Exercise aim - The listing below holds pictures; exclude them. Return exactly the lines from the one with "Matte Gold Enoki Wall Sconce by Penta" through the one with "Appalachian Trail bridge".

Source records -
↓
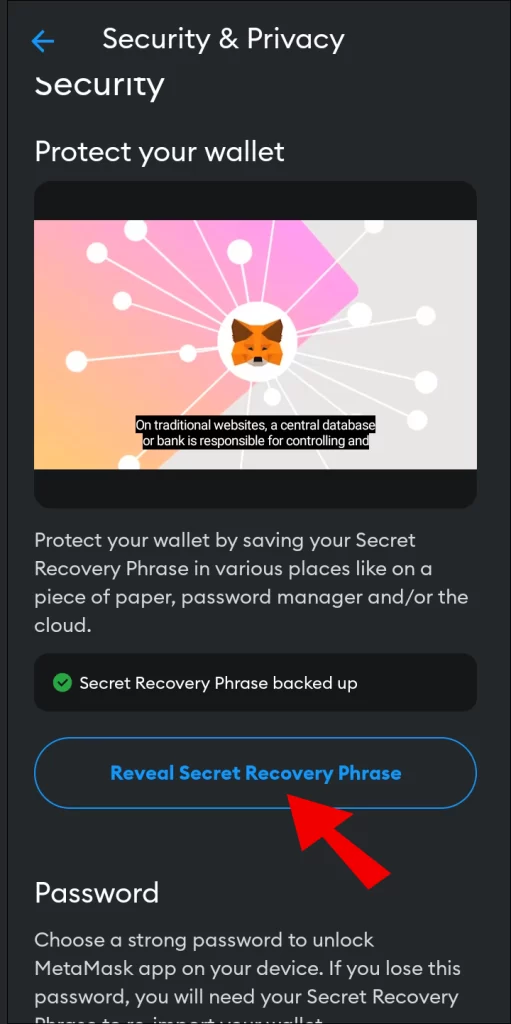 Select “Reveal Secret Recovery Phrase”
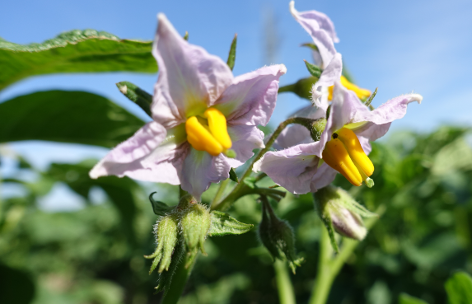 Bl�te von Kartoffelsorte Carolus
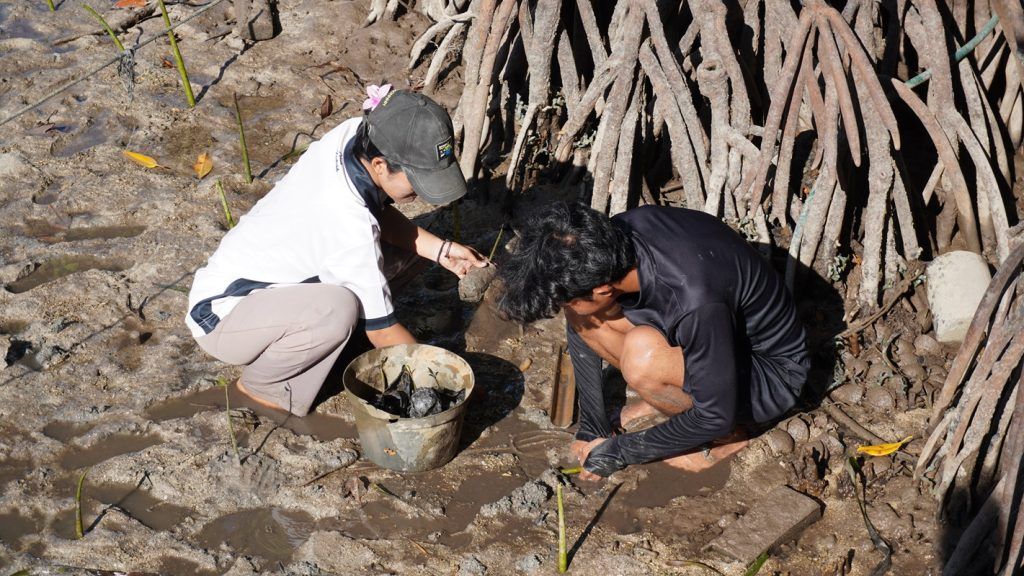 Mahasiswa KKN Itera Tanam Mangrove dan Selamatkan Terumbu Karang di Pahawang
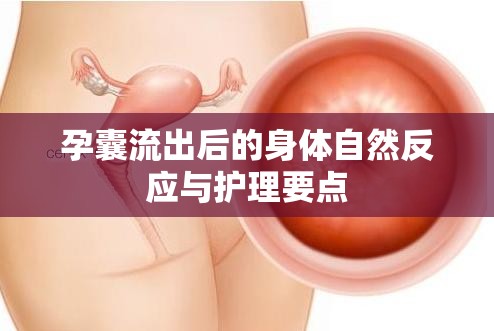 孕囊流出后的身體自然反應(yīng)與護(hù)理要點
↑
↓
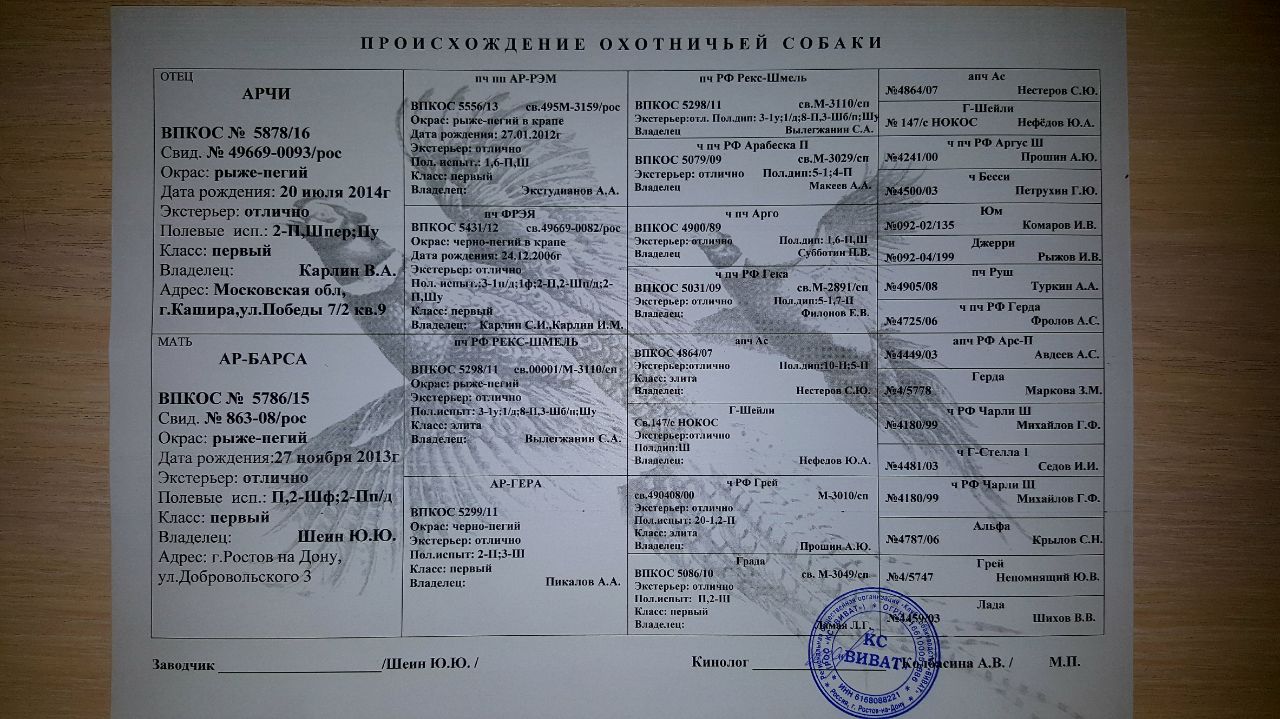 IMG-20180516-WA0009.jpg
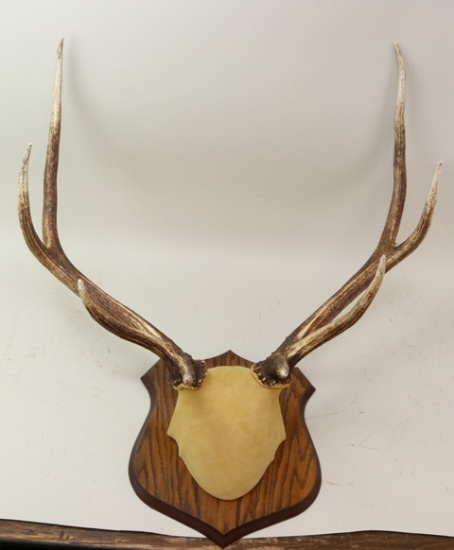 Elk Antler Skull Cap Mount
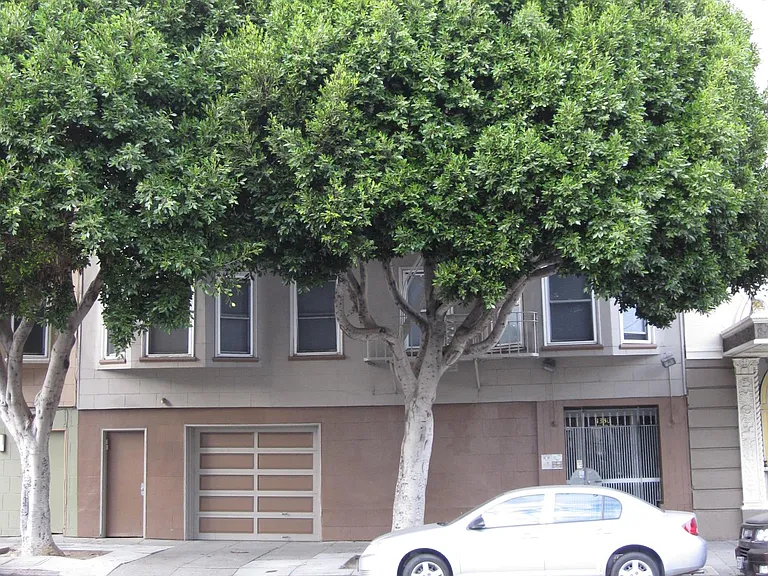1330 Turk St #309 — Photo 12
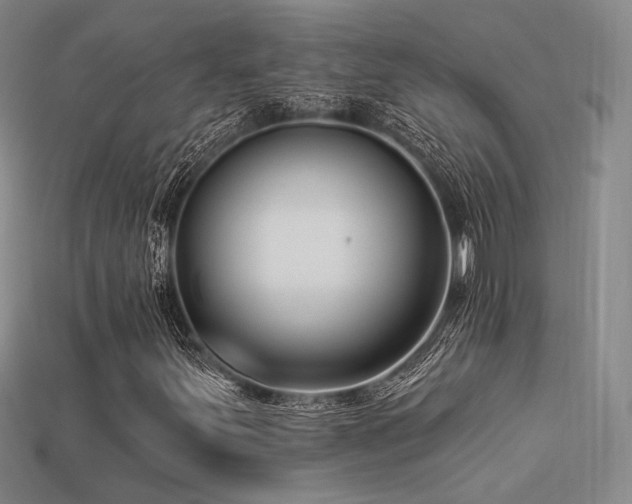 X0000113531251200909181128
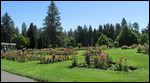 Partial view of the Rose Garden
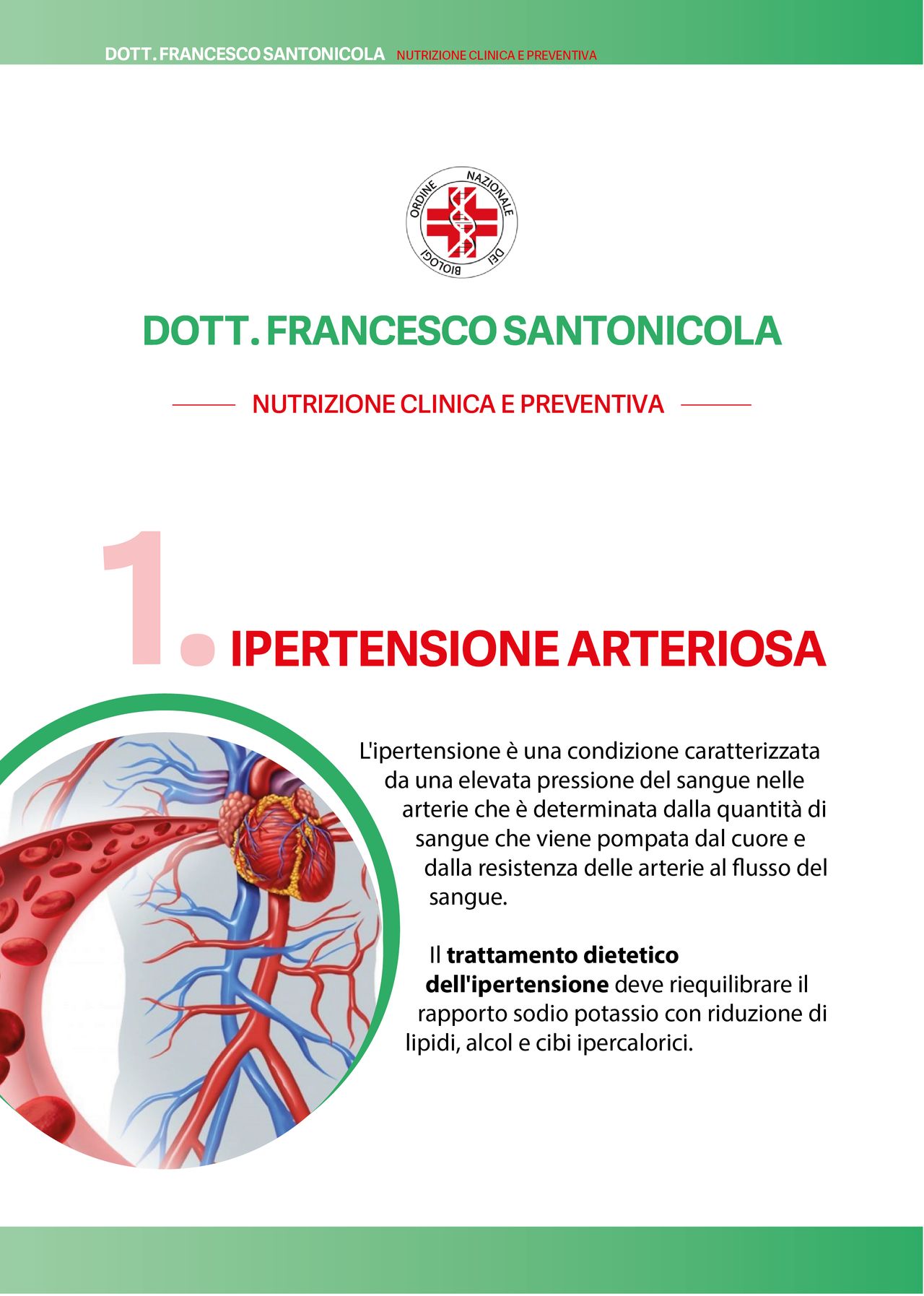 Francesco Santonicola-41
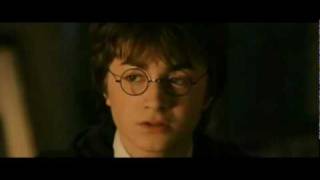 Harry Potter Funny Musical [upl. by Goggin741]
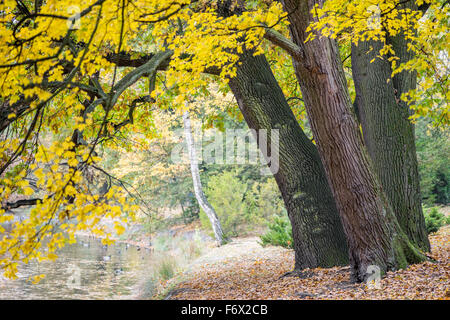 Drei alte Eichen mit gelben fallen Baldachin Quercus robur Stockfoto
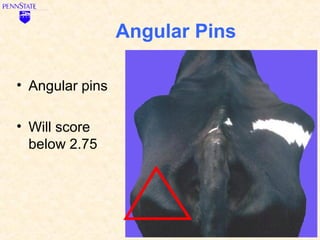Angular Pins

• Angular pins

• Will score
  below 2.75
↑
↓
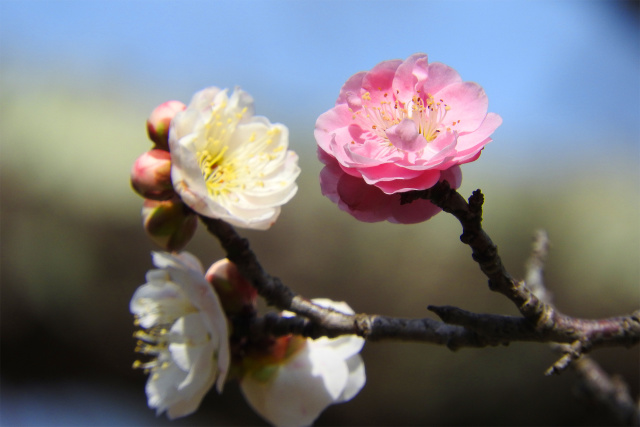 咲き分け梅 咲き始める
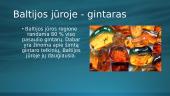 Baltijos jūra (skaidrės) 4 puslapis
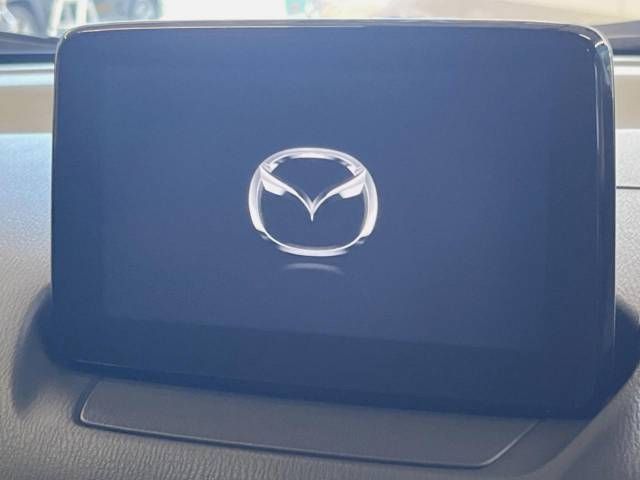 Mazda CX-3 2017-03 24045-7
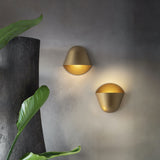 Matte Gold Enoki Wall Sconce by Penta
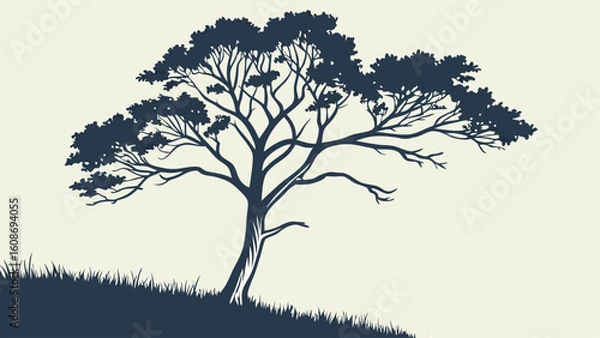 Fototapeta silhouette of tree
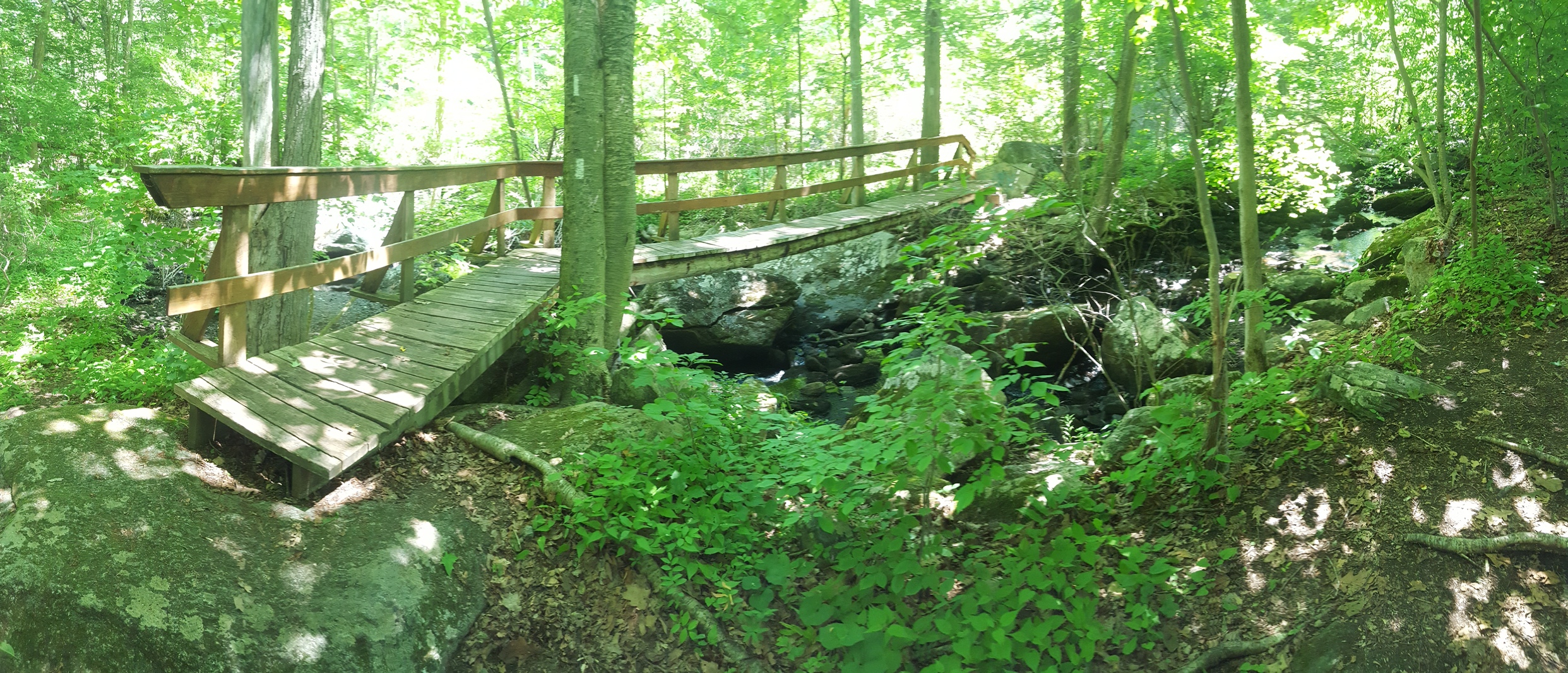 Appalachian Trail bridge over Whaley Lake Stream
↑
Answer for the task -
 Matte Gold Enoki Wall Sconce by Penta
 Fototapeta silhouette of tree
 Appalachian Trail bridge over Whaley Lake Stream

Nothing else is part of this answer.